LE CONSULTE DEL COMUNE DI ALBANO E LA PARTECIPAZIONE DEI CITTADINI
Nei giorni scorsi sono state istituite ad Albano due consulte del Consiglio comunale: una sulle attività economiche, sociali, sindacali, del lavoro e, l’altra, su cultura, istruzione, sport, qualità della vita. Ottima notizia, anche se la decisione è stata presa dopo quasi dieci anni dall’adozione del Regolamento per la partecipazione dei cittadini (era il 2014) e dopo oltre venti dall’adozione dello Statuto comunale. Si potrebbe dire “meglio tardi che mai”.

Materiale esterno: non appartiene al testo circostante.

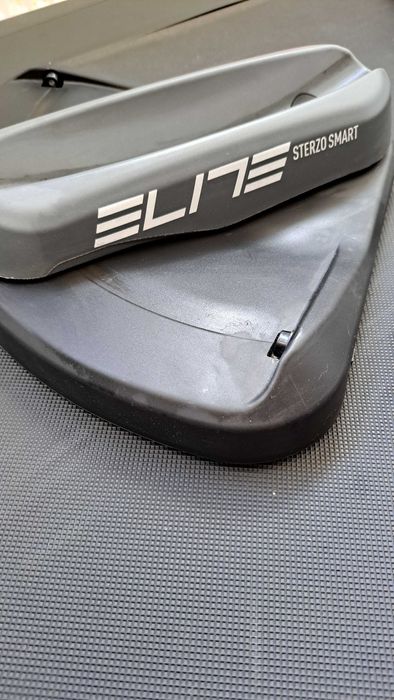 Підставка ELITE STERZO Smart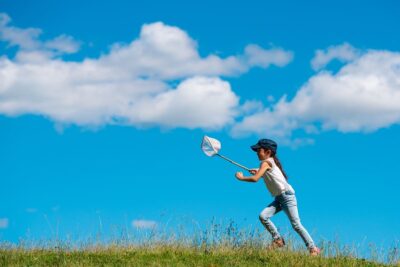 アウトドアで何して遊ぶ？子連れアウトドアにおすすめの遊び方&おもちゃをご紹介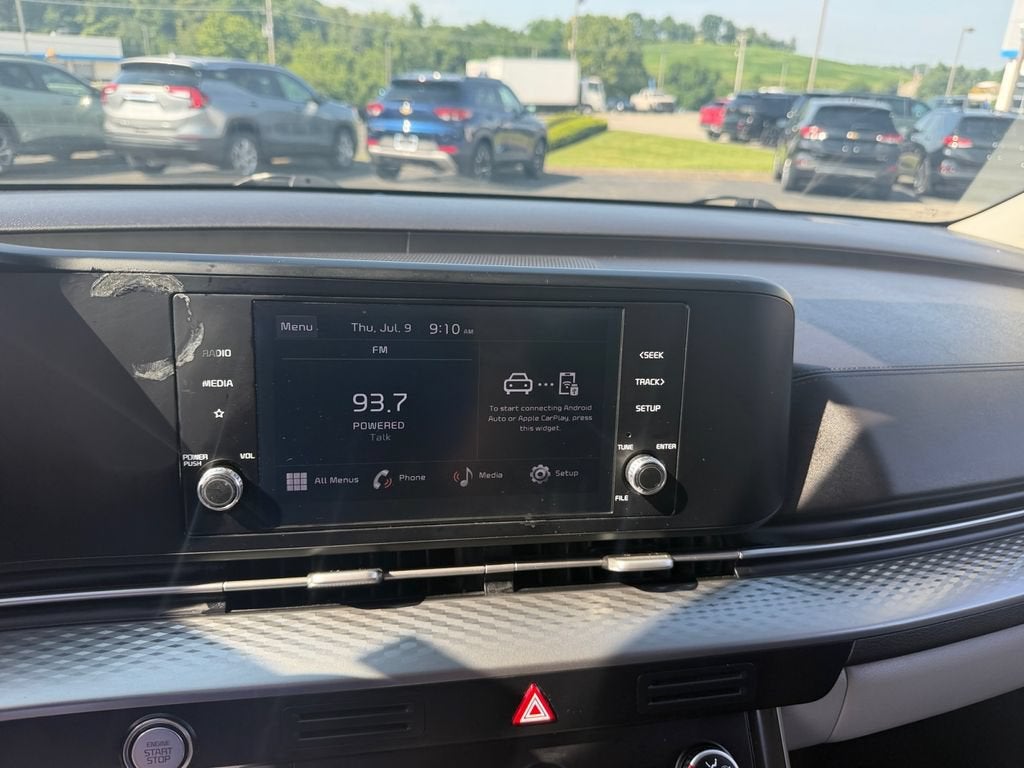 2023 Kia Carnival LX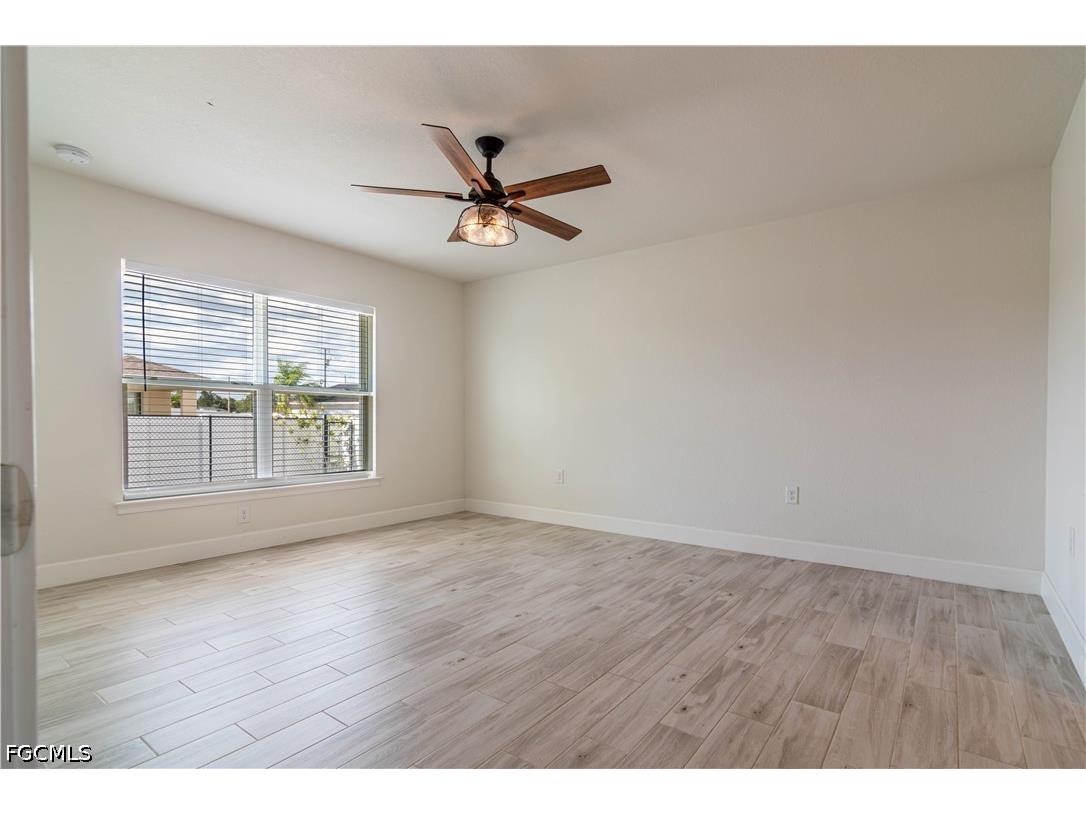 1513 NE 43rd Terrace Cape Coral FL 33909 2026016039 image16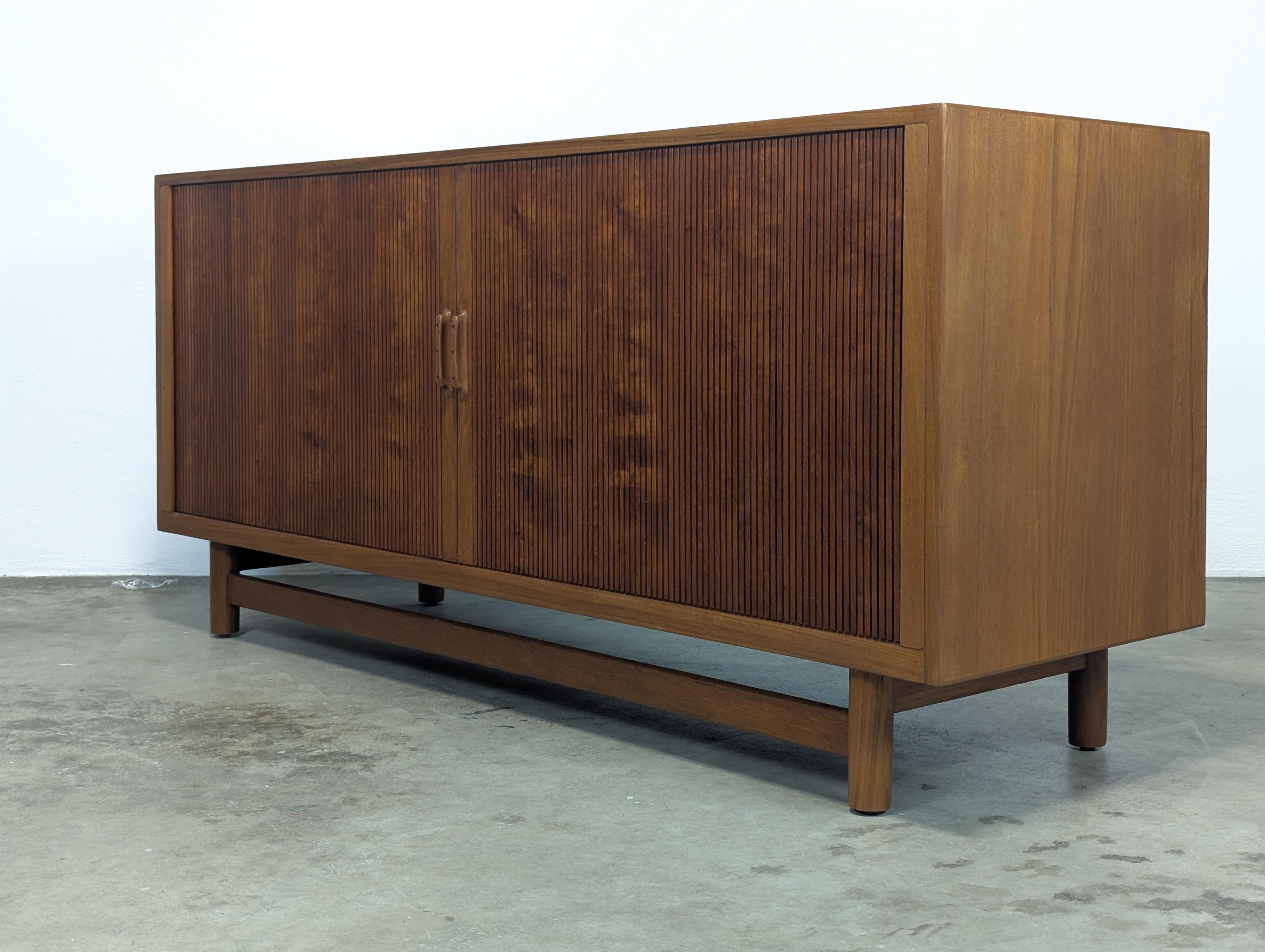 Dänische Tambour-Tür-Anrichte aus Teakholz von Worts Mobler, Mid-Century Modern, ca. 1960er Jahre im Angebot 12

Lo Statuto comunale prevede tutta una serie di modalità di partecipazione dei cittadini alla vita del Comune: l’interrogazione, la petizione, la proposta, il forum, l’assemblea cittadina, il consiglio comunale aperto, la conferenza di bilancio, la consulta, il referendum. Il dato di fatto è che, sebbene vi sia una così vasta gamma di possibilità, finora nessuno degli strumenti di partecipazione è stato attivato. Scarso interesse dei cittadini per la gestione della propria città, o scarsa propensione di chi detiene il potere a promuovere attivamente la partecipazione popolare in un genuino sistema democratico?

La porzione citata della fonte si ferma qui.